Nuovi missili Usa per salvare il Donbass
KRAMATORSK (DONBASS) Le retrovie diventano gradualmente prime linee; strade che sino a pochi giorni fa si percorrevano senza problemi vengono ora chiuse dai posti di blocco; il brontolio delle esplosioni si fa più vicino, mentre il traffico civile sparisce: non è difficile cogliere i segnali sempre più chiari dell’avanzata russa nel Donbass. Ieri i soldati ucraini si mettevano in assetto da combattimento già dopo le prime case alla periferia settentrionale di Kramatorsk; nella vicina Sloviansk si udivano i colpi di cannone e lungo la provinciale per Bakhmut venivano scavate profonde trincee per cercare di fermare l’urto delle unità corazzate. «Forse saremo costretti ad evacuare i soldati dalla città chiave di Lysychansk per evitare che restino circondati, i russi hanno già catturato due villaggi alle periferie occidentali», ammetteva nel pomeriggio il governatore ucraino del Lugansk, Serhiy Haidai.
Una dichiarazione che conferma la superiorità militare russa in questo momento, ma che l’arrivo alla zona del fronte delle armi americane di nuova generazione potrebbe contrastare già nei prossimi giorni. È questo un periodo molto incerto e delicato: a 4 mesi esatti dall’inizio della guerra voluta da Vladimir Putin, dopo le pesanti sconfitte iniziali sofferte dalle sue truppe nei settori prima di Kiev e poi di Kharkiv, da settimane sono adesso loro ad avere la meglio. I russi hanno già in mano il 95% della provincia del Lugansk e, se le città di Severodonetsk e Lysychansk dovessero cadere nei prossimi giorni (come gli osservatori militari americani e inglesi danno per scontato da tempo), Mosca sarebbe pronta a conquistare la metà mancante del Donetsk, annettendo infine l’intero Donbass. Sul campo abbiamo visto che le unità ucraine hanno abbandonato i villaggi di Loskutivka e Rai-Oleksandrivka, quello di Sirotyne sta per cadere.

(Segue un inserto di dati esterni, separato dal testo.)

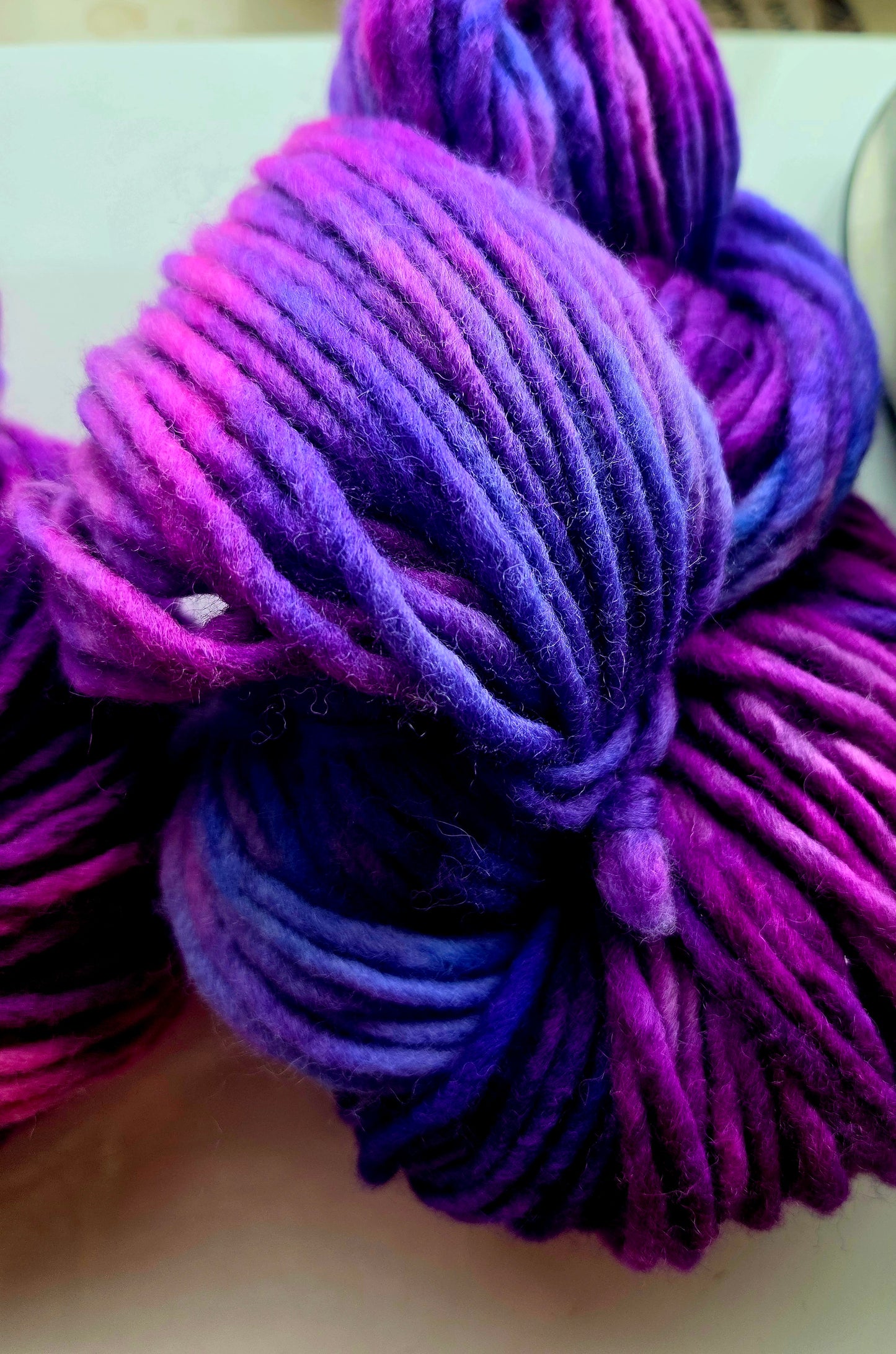 Neon Purple Rain Super Chunky Yarn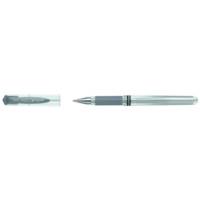 Roller encre gel Signo Broad UM153 grip pointe large 1mm argent - Uni-Ball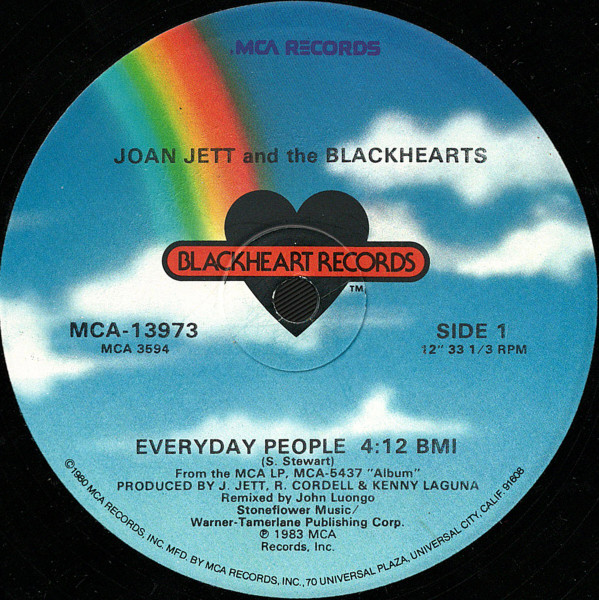 Joan Jett And The Blackhearts – Everyday People (1983, Vinyl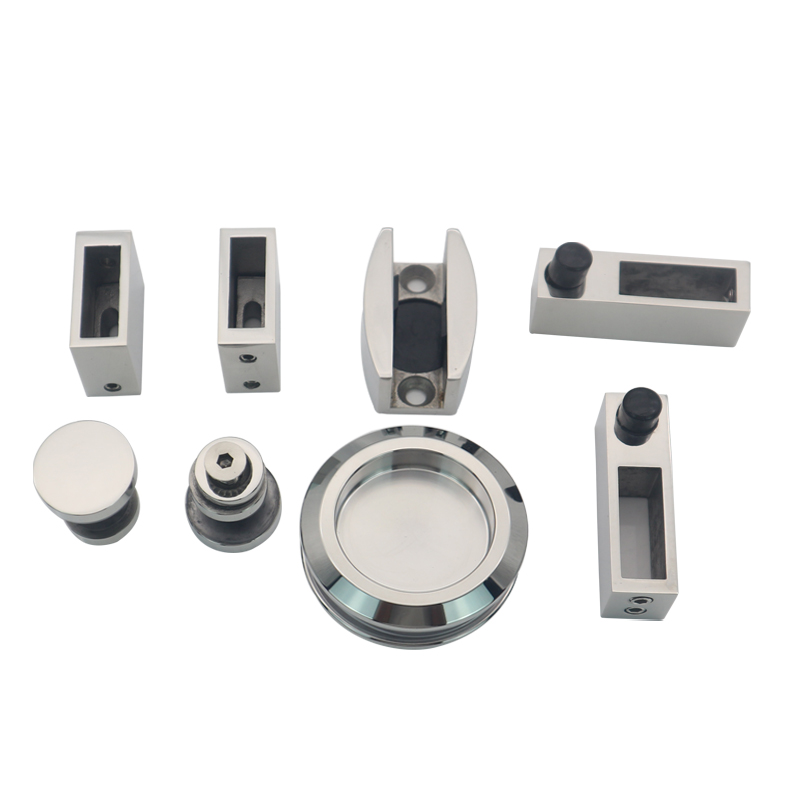 Stainless Steel Double Door Side Cabin Accessories Square Stabilizing Bar Shower Sliding Fitting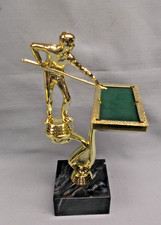 male pool billiards felt table riser trophy award weighted block base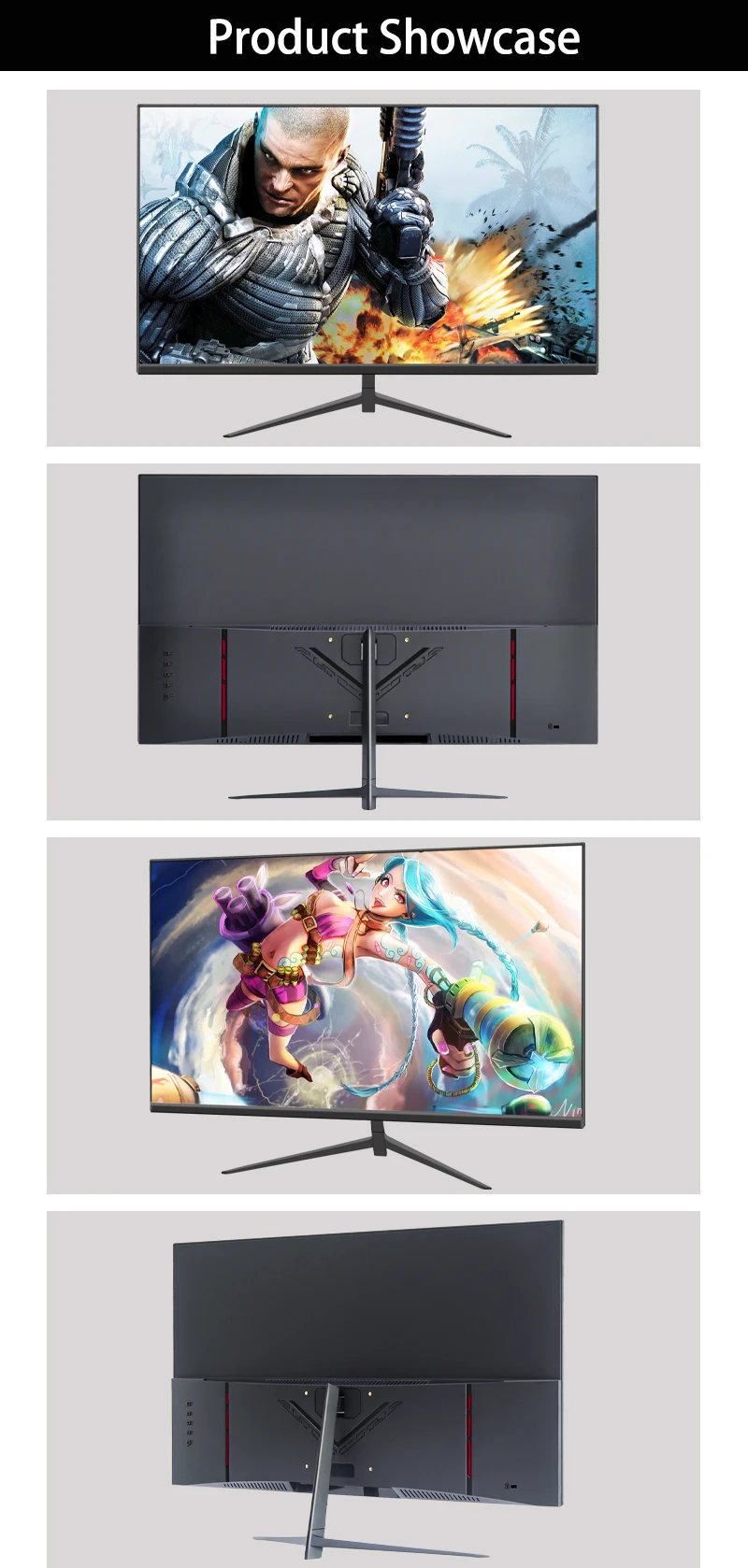 Tecmiyo 27 Inch 2k 2560*1440 1440p 144hz 165hz Gaming Monitor Wqhd Wide ...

Ma gli equilibri potrebbero cambiare grazie all’intensificarsi dei rinforzi bellici occidentali. «La sorte del Donbass resta incerta. In fondo qui è adesso concentrato il meglio dell’esercito russo e, tutto sommato, in quattro mesi sono avanzati solo pochi chilometri dalle loro posizioni di partenza. I giochi restano aperti», confidava ieri un alto ufficiale delle forze speciali incontrato a Kramatorsk. Le sue parole trovano conferma nei tweet del ministro della Difesa ucraino, Oleksii Reznikov, il quale annuncia l’arrivo nella zona dei combattimenti delle batterie di Himars (che sta per High Mobility Artillery Rocket Systems), in sostanza sistemi missilistici ad alta precisione montati su camion blindati e in grado di colpire a oltre 70 chilometri di distanza: un raggio che supera di almeno un terzo quello dei corrispettivi russi e con meccanismi di puntamento più accurati. «Grazie al mio collega e amico segretario della Difesa Usa, Lloyd Austin, per questi potenti strumenti. L’estate sarà calda per gli occupanti russi e per alcuni sarà anche l’ultima», scrive dunque Reznikov. Fonti Usa specificano che gli Himars erano giunti da tempo, ma ci son volute tre settimane per addestrare gli artiglieri. Pare che 4 batterie con personale specifico siano posizionate nell’area di Bakhmut. Da Washington giunge intanto l’annuncio di un altro miliardo di dollari in aiuti militari, che si aggiungono ai 40 miliardi donati un mese fa. Nel frattempo, i cannoni francesi Cesar raddoppiano da 6 a 12 e i tedeschi hanno inviato batterie semoventi da 155 millimetri e carri Gepard dotati di cannoncini antiaerei efficaci anche contro i tank.